+++ Data shown +++

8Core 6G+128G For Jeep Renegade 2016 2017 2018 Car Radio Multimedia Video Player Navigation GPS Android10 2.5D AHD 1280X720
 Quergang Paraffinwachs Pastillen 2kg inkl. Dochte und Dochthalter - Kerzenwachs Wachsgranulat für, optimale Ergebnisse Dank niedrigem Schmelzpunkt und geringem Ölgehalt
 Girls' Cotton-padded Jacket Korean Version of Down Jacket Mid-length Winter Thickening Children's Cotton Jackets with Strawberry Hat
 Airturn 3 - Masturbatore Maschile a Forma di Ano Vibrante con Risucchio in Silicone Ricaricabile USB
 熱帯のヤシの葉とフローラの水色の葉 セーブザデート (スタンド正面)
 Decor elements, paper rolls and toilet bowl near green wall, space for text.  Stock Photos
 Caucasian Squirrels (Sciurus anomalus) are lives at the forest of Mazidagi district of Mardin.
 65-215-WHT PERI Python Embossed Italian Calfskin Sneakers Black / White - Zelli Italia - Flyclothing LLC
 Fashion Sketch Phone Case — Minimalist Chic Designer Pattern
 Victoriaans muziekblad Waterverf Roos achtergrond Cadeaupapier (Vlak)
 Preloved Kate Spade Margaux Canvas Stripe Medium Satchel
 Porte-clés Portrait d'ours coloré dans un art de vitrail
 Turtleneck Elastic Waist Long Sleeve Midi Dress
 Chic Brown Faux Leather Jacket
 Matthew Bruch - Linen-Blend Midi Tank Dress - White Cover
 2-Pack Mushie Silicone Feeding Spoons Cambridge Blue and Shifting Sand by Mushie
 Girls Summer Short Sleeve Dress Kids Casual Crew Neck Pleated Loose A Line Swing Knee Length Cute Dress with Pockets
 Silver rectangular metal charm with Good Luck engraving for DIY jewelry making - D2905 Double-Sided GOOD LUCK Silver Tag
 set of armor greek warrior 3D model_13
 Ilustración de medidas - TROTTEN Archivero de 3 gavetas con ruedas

+++

→ **Directions**
Reproduce only the lines running from the one that contains "Girls' Cotton-padded Jacket" to the last line of the records.

→ **Solution to the exercise**
 Girls' Cotton-padded Jacket Korean Version of Down Jacket Mid-length Winter Thickening Children's Cotton Jackets with Strawberry Hat
 Airturn 3 - Masturbatore Maschile a Forma di Ano Vibrante con Risucchio in Silicone Ricaricabile USB
 熱帯のヤシの葉とフローラの水色の葉 セーブザデート (スタンド正面)
 Decor elements, paper rolls and toilet bowl near green wall, space for text.  Stock Photos
 Caucasian Squirrels (Sciurus anomalus) are lives at the forest of Mazidagi district of Mardin.
 65-215-WHT PERI Python Embossed Italian Calfskin Sneakers Black / White - Zelli Italia - Flyclothing LLC
 Fashion Sketch Phone Case — Minimalist Chic Designer Pattern
 Victoriaans muziekblad Waterverf Roos achtergrond Cadeaupapier (Vlak)
 Preloved Kate Spade Margaux Canvas Stripe Medium Satchel
 Porte-clés Portrait d'ours coloré dans un art de vitrail
 Turtleneck Elastic Waist Long Sleeve Midi Dress
 Chic Brown Faux Leather Jacket
 Matthew Bruch - Linen-Blend Midi Tank Dress - White Cover
 2-Pack Mushie Silicone Feeding Spoons Cambridge Blue and Shifting Sand by Mushie
 Girls Summer Short Sleeve Dress Kids Casual Crew Neck Pleated Loose A Line Swing Knee Length Cute Dress with Pockets
 Silver rectangular metal charm with Good Luck engraving for DIY jewelry making - D2905 Double-Sided GOOD LUCK Silver Tag
 set of armor greek warrior 3D model_13
 Ilustración de medidas - TROTTEN Archivero de 3 gavetas con ruedas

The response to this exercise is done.